Note: These troubles can be quite confusing when the PSAP has vendor equipment mixed in with equipment that the BOC maintains. The Marketing representative should provide the SSC/MAC information concerning any unusual or exception items where the PSAP should contact their vendor. This information should be included in the PSAP profile sheets.

ANI or ALI controller down: When the host computer sees the PSAP equipment down and it does not come back up, the MMOC will report the trouble to the SSC/MAC; the equipment is down at the PSAP, a dispatch will be required.

PSAP link (circuit) down: The MMOC will provide the SSC/MAC with the circuit ID that the Host computer indicates in trouble. Although each PSAP has two circuits, when either circuit is down the condition must be treated as an emergency since failure of the second circuit will cause the PSAP to be isolated.

Any problems that the MMOC identifies from the Node location to the Host computer will be handled directly with the appropriate MMOC(s)/CCNC.

Note: The customer will call only when a problem is apparent to the PSAP. When only one circuit is down to the PSAP, the customer may not be aware there is a trouble, even though there is one link down, notification should appear on the PSAP screen. Troubles called into the SSC/MAC from the MMOC or other company employee should not be closed out by calling the PSAP since it may result in the customer responding that they do not have a trouble.
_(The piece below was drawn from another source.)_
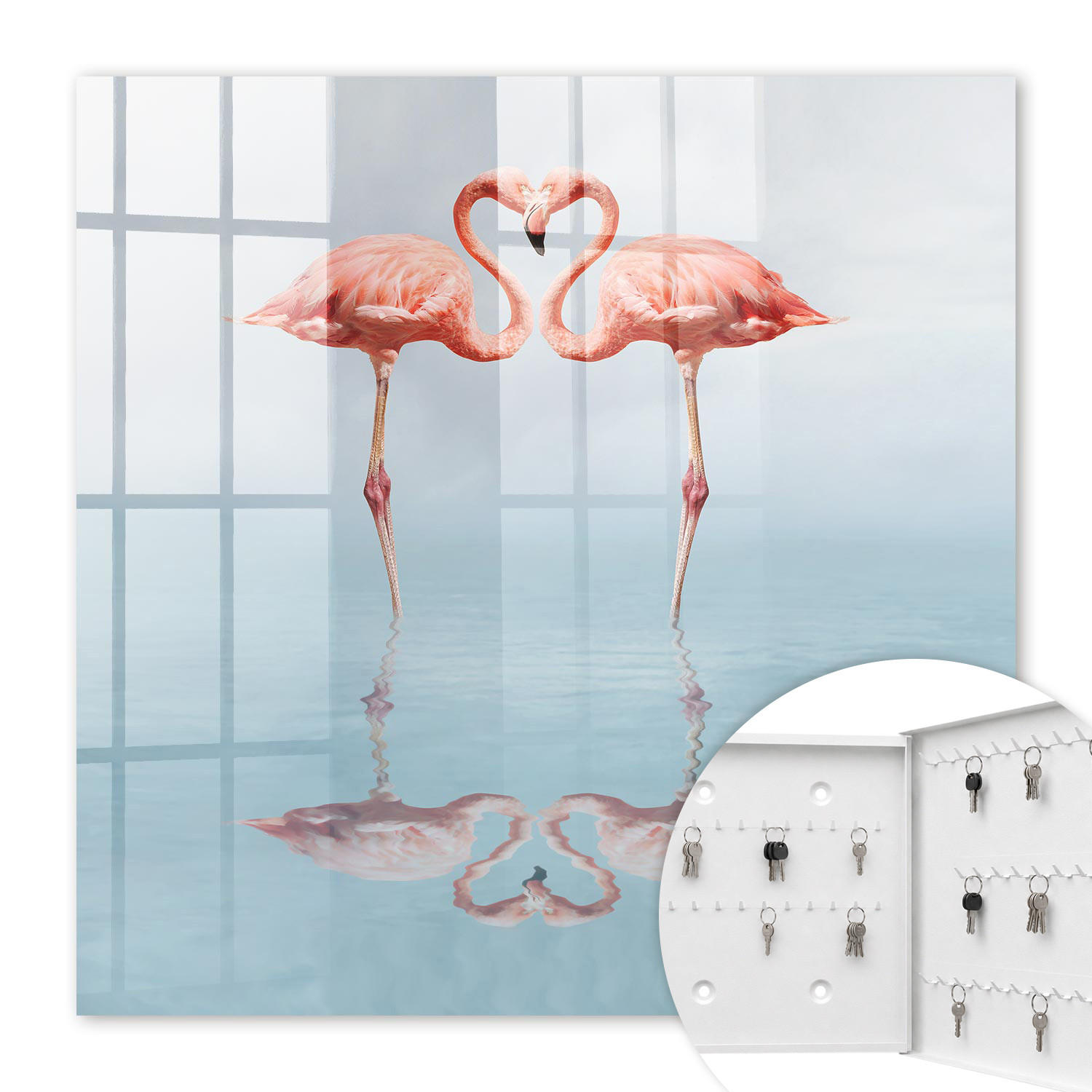 SCHLÜSSELBOX Weiß 30x30 cm – Türöffnung nach rechts - Flamingos lieben - Pink, Metall (30/30/5cm) - TULUP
These reports can only be closed out by receiving information that the trouble was fixed and by checking with the company employee that reported the trouble. The MMOC personnel will be able to verify that the trouble has cleared by reviewing a printout from the host.

When the CRSAB receives a subscriber complaint (i.e., cannot dial 911) the RSA should obtain as much information as possible while the customer is on the line.

For example, what happened when the subscriber dialed 911? The report is automatically directed to the IMC for subscriber line testing. When no line trouble is found, the IMC will refer the trouble condition to the SSC/MAC. The SSC/MAC will contact Customer Services E911 Group and verify that the subscriber should be able to call 911 and obtain the ESN. The SSC/MAC will verify the ESN via 2SCCS. When both verifications match, the SSC/MAC will refer the report to the SCC responsible for the 911 tandem office for investigation and resolution. The MAC is responsible for tracking the trouble and informing the IMC when it is resolved.

For more information, please refer to E911 Glossary of Terms. End of Phrack File _____________________________________

The reader is forgiven if he or she was entirely unable to read this document. John Perry Barlow had a great deal of fun at its expense, in "Crime and Puzzlement:" "Bureaucrat-ese of surpassing opacity.... To read the whole thing straight through without entering coma requires either a machine or a human who has too much practice thinking like one. Anyone who can understand it fully and fluidly had altered his consciousness beyone the ability to ever again read Blake, Whitman, or Tolstoy.... the document contains little of interest to anyone who is not a student of advanced organizational sclerosis."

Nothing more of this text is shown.